Il brusco calo ha mandato in tilt i conti pubblici e nel documento contabile del 2009 compare per la prima volta la parola deficit

il mondo immerso nel petrolio

Gelata in arrivo sui conti pubblici iracheni. Infatti, dopo anni di copiosi raccolti, che hanno consentito al bilancio di Baghdad d'irrobustirsi e di accumulare, dal 2005 al 2007, un tesoretto di 29 miliardi di dollari, nel corso del 2008 s'è registrata una brusca inversione di tendenza sul versante degli introiti legati all'export del greggio. In pratica il 2009 vedrà comparire per la prima volta tra le righe del bilancio, non accadeva dal 2004, il termine deficit, e non in relazione a una somma modesta ma per un ammontare di circa 15 miliardi di dollari. L'annuncio ha accompagnato la presentazione da parte del ministro delle Finanze iracheno, Bayan Jaber, della bozza di bilancio per il 2009 che sarà sottoposta al Parlamento per l'approvazione.

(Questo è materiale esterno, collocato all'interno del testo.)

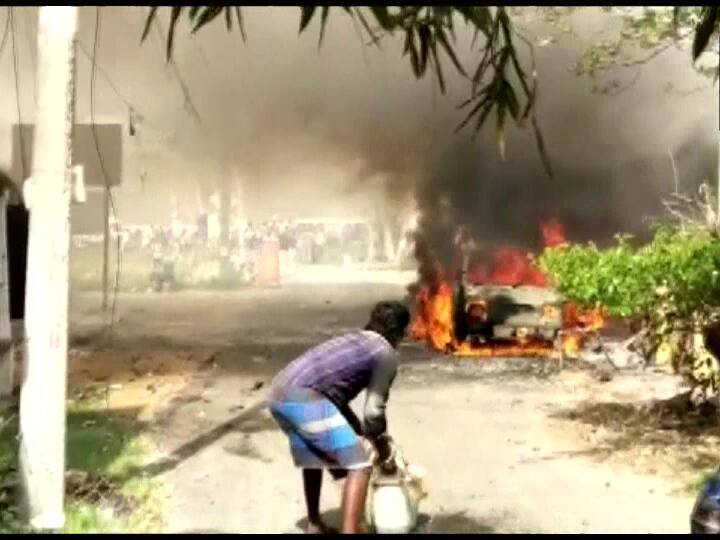 Tamil Nadu Fire broke out at a firecracker shop opposite the Dindigul Collector Office Tamil Nadu: डिंडिगुल में पटाखे की दुकान में लगी आग, एक की मौत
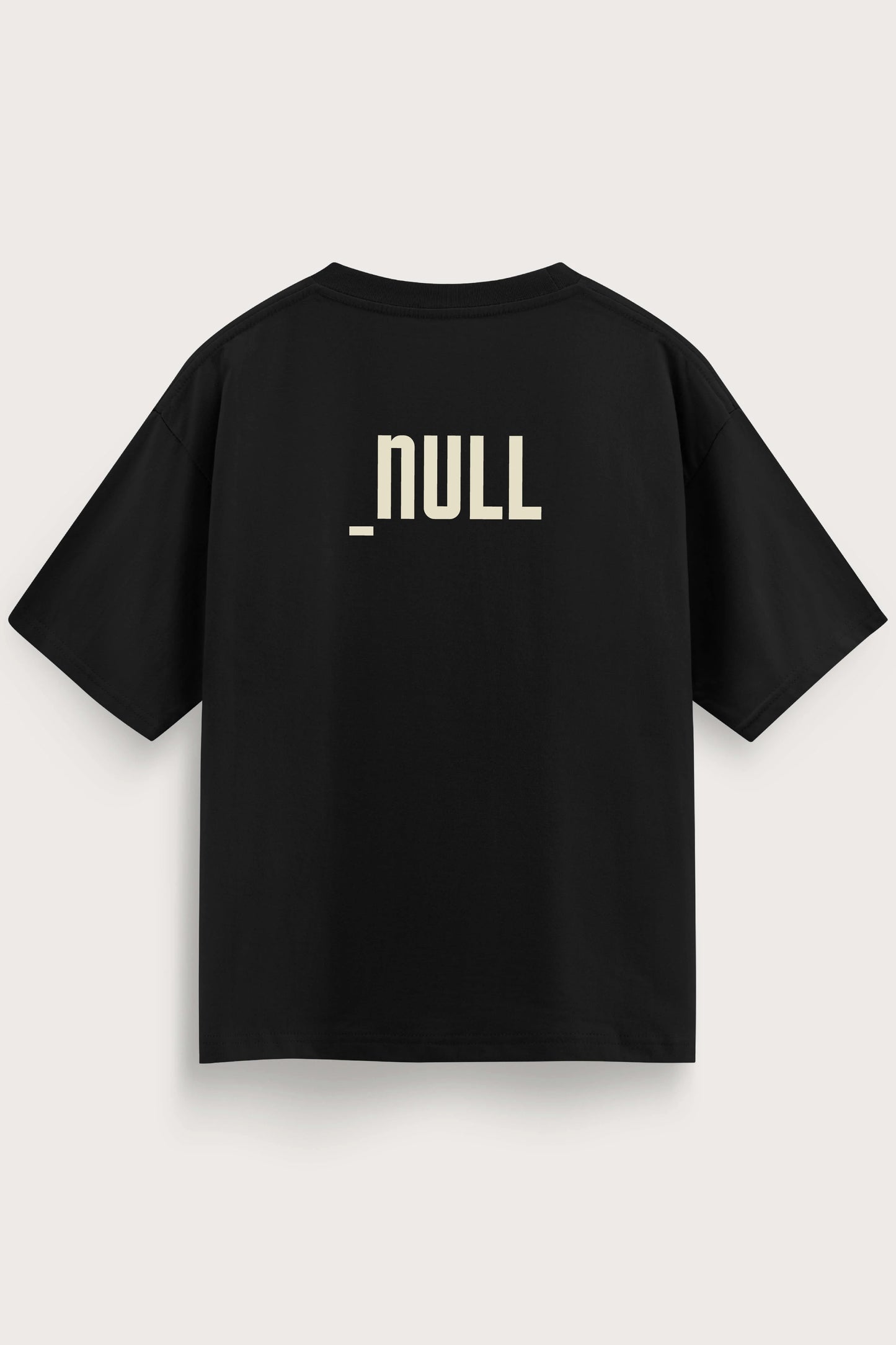 Relaxed Fit Null Black T-Shirt for Men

Crescono le spese ma le risorse pubbliche calano
Le risorse che l'attuale Esecutivo di Baghdad libererà il prossimo anno per potenziare i diversi capitoli di spesa, soprattutto quelli indirizzati alla sicurezza e alla realizzazione di infrastrutture essenziali, acqua, luce e trasporti pubblici, raggiungeranno la soglia record di 67 miliardi di dollari. A questa somma corrisponderà, sul versante delle somme spendibili, una cifra pari a 52 miliardi di dollari, aprendo di fatto la strada alla comparsa del rosso sui conti pubblici, colore questo evitato per anni, soprattutto grazie ai 10miliardi di dollari che, in media e con cadenza mensile, Washington ha puntualmente provveduto a immettere e a distribuire all'interno dei confini iracheni nel corso degli anni passati, a partire dall'anno successivo all'occupazione del Paese.

Il petrolio e il rosso dei conti iracheni
All'incirca il 90 per cento delle risorse che annualmente giungono nella disponibilità del bilancio di Baghdad derivano, infatti, dalla vendita all'estero di centinaia di migliaia di barili di petrolio. L'export del greggio costituisce una quota talmente rilevante delle entrate complessive che scostamenti, anche marginali, nel prezzo del barile hanno storicamente un impatto immediato sui flussi contabilizzati annualmente in ingresso. A questo riguardo, è sufficiente rammentare che mentre nel luglio dell'anno in corso il listino indicava un prezzo di ben 147 dollari al barile, in questi giorni il prezzo dell'oro nero è scivolato sotto i 60 dollari, in pratica lasciando sul campo dei mercati e delle borse quasi i 2/3 del valore raggiunto in estate. L'impatto di questo ribaltone contabile sui conti iracheni, elaborati in ottobre con il greggio scambiato tra 80 e 96 dollari al barile, risulta quindi evidente.

E il Fisco non sta a guardare
Tuttavia, nonostante le entrate siano segnate in misura significativa dai proventi dell'export del petrolio, in questi anni il Fisco non è stato alla finestra. Nel 2008, per esempio, il gettito cumulativo delle imposte, delle tasse e dei tributi versati e raccolti a livello centrale e locale, dovrebbero oltrepassare l'asticella dei 6 miliardi di dollari. Una cifra questa che, nonostante i venti di crisi e le vicissitudini recenti che hanno marcato la storia dell'Iraq, rappresenta un dato significativo rispetto alle somme ancor più leggere riscosse annualmente dalle Amministrazioni fiscali che operano nei Paesi dell'area mediorientale, nella generalità classificabili come produttori ed esportatori di greggio.